Iterate parsed records directly from a .csv.gz file:

import massive_speedup

for trade in massive_speedup.FlatFiles.Stock.Trade.parse("trades.csv.gz"):
    print(trade.ticker, trade.sip_timestamp, trade.price)

for quote in massive_speedup.FlatFiles.Stock.Quote.parse("quotes.csv.gz"):
    print(quote.ticker, quote.bid_price, quote.ask_price)

for quote in massive_speedup.FlatFiles.currency.Quote.parse("currency_quotes.csv.gz"):
    print(quote.ticker, quote.participant_timestamp)

You can also iterate raw CSV fields as bytes tuples:

for row in massive_speedup.FlatFiles.Stock.Trade.parse_raw("trades.csv.gz"):
    print(row[0], row[8])

Example scripts:

Record Access

Parsed records expose read-only attributes and are iterable in CSV field order:

trade = next(massive_speedup.FlatFiles.Stock.Trade.parse("trades.csv.gz"))

print(trade.ticker)
print(trade.conditions)
print(trade.sip_timestamp)
print(trade.pack())
print(list(trade))

Packed records do not include the ticker.

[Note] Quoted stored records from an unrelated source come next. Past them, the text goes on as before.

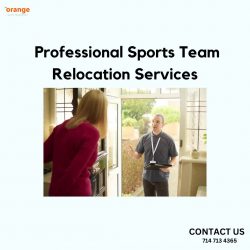 Professional Sports Team Relocation Services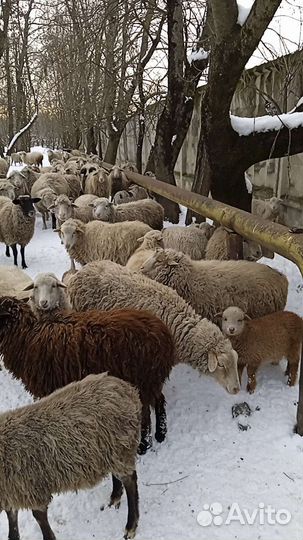 Овцы бараны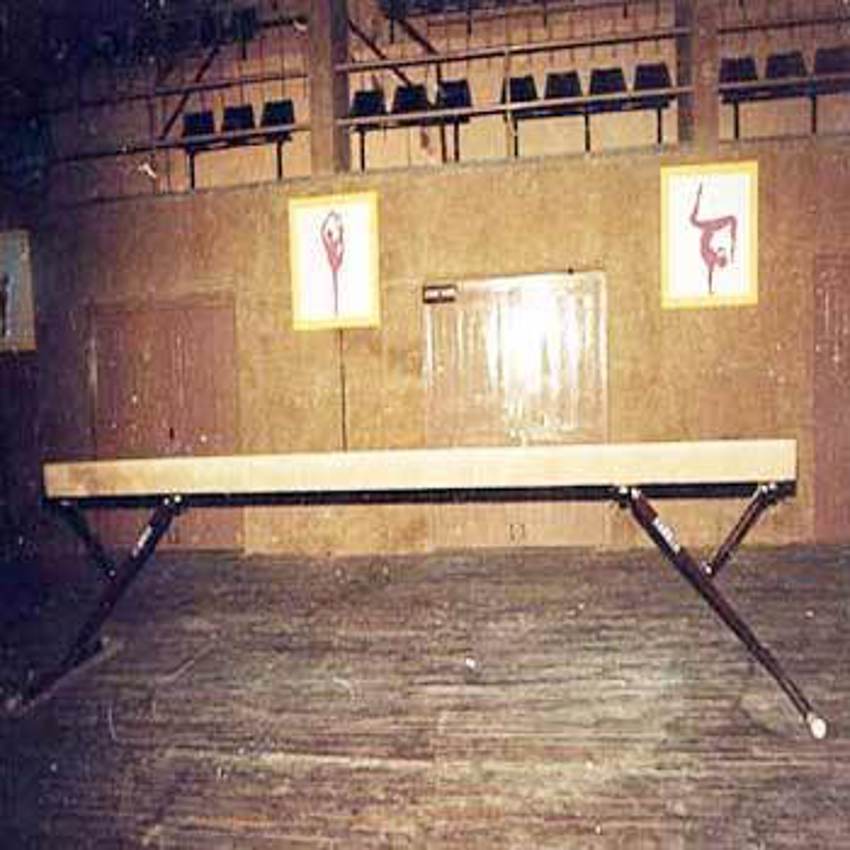 Domestic Balancing Beam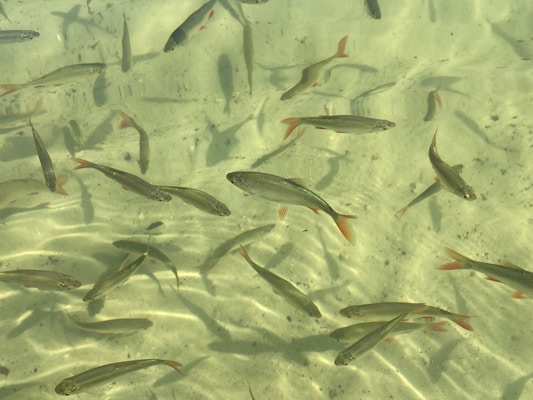 Several fish are swimming in clear, shallow water. The water casts soft, wavy shadows on the sandy bottom, creating a serene, natural environment.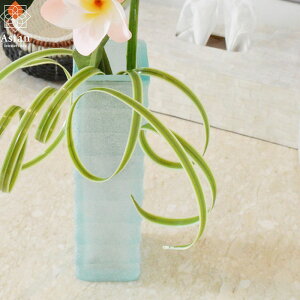 KXVASE lp M y ԕr t[x[X Ԋ  k AWA o G AWAG CeA _ ][g ze o 썑 AWAeCXg u  z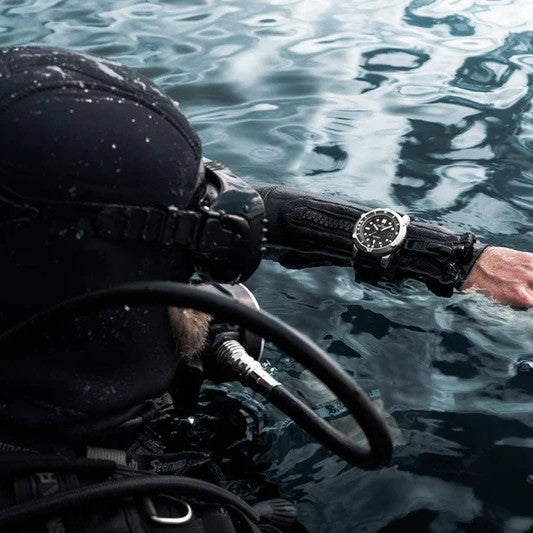 DELMA - Quattro LE Auto | 41701.744.6.048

Reconstruct with the ticker from the file name:

packed = trade.pack()
trade2 = massive_speedup.StockTrade.from_packed(packed, trade.ticker)

Window Aggregation

The native aggregators consume iterables of parsed records and yield C++ result objects exposed through nanobind. Result attributes are read-only and lazily converted to Python objects on first access. The aggregation interval and offset are expressed in seconds; the returned window_start is still nanoseconds since epoch.

import massive_speedup

trades = massive_speedup.FlatFiles.Stock.Trade.parse("trades.csv.gz")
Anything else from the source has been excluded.